**TASK STATEMENT**. Count up the lines below that include the string "Premium" and report the number by itself.

────────────────────────────────────────

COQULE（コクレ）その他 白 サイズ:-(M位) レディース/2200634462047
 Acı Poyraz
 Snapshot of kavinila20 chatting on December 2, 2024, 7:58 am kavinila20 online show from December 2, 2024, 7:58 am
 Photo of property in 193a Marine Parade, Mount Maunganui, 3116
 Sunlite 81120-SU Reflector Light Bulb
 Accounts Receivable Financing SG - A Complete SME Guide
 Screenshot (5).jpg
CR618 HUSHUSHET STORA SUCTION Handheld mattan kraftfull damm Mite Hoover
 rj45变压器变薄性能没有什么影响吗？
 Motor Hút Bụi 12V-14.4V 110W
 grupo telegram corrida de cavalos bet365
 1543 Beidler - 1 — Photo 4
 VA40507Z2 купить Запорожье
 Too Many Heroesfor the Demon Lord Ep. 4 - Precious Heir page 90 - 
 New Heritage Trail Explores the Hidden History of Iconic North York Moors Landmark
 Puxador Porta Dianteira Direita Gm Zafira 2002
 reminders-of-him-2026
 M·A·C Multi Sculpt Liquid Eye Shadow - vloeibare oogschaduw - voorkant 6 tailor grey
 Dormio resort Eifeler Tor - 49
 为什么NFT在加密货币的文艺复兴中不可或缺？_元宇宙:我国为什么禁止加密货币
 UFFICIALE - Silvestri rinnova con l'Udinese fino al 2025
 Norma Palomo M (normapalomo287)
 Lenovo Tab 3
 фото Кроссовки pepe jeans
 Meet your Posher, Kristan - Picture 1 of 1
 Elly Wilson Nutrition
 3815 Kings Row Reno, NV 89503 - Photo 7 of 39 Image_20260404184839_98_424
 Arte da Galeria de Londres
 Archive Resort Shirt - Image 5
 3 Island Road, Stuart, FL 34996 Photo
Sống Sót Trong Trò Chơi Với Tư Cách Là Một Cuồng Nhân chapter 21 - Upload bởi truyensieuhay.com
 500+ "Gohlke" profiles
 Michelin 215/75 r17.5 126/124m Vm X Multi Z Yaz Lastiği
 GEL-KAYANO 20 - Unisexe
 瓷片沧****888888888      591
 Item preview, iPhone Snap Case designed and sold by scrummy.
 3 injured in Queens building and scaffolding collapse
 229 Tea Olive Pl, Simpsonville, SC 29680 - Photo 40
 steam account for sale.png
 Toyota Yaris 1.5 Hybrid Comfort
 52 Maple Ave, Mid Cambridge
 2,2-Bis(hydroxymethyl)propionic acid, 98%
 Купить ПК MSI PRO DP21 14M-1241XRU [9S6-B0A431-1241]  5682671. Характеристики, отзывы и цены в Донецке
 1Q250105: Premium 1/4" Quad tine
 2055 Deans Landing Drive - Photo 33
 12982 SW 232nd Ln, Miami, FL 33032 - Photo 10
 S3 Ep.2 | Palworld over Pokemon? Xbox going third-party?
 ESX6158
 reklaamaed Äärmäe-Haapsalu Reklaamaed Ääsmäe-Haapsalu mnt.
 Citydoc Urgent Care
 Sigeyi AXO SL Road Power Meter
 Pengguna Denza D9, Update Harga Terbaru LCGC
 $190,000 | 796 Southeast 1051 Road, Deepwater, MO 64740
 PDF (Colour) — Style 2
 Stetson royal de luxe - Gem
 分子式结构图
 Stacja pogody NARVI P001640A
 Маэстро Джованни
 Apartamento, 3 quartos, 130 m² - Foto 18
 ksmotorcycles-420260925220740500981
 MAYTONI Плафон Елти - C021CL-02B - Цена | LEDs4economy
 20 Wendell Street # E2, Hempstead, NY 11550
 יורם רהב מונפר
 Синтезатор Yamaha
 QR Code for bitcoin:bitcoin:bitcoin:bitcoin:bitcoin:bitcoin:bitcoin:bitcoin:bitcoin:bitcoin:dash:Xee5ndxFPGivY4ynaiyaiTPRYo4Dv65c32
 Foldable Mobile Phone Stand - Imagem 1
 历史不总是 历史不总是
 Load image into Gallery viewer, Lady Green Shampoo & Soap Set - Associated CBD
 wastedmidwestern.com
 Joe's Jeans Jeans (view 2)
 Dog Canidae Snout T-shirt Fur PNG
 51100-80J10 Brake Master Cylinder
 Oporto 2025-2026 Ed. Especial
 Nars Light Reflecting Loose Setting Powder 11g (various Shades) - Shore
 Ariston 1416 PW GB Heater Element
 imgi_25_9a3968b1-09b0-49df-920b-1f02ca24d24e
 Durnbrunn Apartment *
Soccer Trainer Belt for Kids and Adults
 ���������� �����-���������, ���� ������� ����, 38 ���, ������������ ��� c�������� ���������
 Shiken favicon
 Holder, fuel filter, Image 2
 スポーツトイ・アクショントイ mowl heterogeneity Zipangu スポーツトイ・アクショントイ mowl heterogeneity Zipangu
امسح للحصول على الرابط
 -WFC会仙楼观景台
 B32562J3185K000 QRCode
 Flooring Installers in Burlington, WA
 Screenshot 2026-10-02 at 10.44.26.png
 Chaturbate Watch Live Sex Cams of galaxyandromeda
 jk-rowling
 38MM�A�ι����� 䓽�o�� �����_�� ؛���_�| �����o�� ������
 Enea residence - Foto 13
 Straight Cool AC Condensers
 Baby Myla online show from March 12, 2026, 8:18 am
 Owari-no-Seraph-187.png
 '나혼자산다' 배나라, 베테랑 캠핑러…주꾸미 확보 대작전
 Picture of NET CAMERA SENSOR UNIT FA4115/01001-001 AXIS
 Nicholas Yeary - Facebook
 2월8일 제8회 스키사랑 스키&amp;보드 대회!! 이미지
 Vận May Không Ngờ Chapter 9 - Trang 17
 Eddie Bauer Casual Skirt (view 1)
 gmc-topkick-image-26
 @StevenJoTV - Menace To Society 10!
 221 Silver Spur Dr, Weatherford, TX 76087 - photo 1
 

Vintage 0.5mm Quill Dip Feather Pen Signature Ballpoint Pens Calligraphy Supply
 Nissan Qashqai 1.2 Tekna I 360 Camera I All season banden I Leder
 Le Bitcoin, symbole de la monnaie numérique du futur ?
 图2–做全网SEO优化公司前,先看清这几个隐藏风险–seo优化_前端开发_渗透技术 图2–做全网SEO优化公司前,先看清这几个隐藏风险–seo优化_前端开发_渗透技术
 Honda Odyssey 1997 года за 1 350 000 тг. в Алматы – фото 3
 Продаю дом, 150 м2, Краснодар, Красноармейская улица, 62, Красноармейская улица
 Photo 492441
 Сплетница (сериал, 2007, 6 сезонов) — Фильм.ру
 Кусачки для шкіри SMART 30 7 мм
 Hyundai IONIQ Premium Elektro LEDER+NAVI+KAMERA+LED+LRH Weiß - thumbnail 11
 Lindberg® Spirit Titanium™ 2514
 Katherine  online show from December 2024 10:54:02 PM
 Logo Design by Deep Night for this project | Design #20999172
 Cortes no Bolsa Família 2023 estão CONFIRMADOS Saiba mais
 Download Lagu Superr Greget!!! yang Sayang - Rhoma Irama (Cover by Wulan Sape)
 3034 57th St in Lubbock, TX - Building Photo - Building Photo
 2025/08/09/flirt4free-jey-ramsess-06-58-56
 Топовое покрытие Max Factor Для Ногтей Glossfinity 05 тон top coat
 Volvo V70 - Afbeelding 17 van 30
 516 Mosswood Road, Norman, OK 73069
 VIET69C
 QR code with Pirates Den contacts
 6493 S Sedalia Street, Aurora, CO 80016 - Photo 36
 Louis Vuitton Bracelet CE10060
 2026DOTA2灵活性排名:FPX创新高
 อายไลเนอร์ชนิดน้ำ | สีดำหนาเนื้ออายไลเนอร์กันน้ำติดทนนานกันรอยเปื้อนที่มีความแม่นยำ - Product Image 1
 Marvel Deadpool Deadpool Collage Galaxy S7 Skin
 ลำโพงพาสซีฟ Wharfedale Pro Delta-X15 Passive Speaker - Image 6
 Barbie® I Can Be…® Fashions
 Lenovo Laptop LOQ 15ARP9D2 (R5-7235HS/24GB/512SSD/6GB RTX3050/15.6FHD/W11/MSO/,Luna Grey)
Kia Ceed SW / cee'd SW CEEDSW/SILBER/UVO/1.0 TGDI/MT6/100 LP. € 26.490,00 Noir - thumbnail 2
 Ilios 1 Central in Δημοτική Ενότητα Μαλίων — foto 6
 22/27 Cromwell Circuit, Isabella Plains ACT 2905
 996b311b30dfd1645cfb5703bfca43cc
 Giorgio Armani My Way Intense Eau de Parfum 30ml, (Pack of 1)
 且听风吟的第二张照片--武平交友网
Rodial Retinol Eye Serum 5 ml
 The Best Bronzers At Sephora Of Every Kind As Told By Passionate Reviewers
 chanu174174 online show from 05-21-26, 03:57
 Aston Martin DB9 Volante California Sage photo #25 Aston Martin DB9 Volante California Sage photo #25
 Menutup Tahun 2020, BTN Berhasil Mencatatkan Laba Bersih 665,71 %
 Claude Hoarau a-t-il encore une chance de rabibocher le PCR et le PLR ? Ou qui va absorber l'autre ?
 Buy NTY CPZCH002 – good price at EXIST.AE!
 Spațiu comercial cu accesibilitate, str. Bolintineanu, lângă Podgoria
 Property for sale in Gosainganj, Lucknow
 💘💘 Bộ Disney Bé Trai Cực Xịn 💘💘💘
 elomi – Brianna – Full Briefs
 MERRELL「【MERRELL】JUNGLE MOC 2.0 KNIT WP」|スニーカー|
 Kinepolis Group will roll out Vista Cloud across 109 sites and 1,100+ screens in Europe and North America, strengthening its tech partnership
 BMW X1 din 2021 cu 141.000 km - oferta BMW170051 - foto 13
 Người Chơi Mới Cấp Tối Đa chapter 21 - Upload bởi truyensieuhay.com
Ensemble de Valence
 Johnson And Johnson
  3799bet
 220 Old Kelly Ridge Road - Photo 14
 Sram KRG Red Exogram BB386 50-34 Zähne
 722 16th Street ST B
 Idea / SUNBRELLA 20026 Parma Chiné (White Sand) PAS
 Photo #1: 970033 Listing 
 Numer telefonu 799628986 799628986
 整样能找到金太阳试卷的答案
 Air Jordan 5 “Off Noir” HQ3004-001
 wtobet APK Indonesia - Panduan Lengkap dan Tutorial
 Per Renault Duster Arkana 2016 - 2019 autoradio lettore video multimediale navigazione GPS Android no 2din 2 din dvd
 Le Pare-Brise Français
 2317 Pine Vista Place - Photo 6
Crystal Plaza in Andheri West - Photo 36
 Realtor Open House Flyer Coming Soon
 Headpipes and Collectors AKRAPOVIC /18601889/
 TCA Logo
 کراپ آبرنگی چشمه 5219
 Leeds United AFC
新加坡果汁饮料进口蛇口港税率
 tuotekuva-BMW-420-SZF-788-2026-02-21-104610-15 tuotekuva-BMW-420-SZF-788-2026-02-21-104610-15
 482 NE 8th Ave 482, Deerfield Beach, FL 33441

────────────────────────────────────────

**RESPONSE BOX**. 2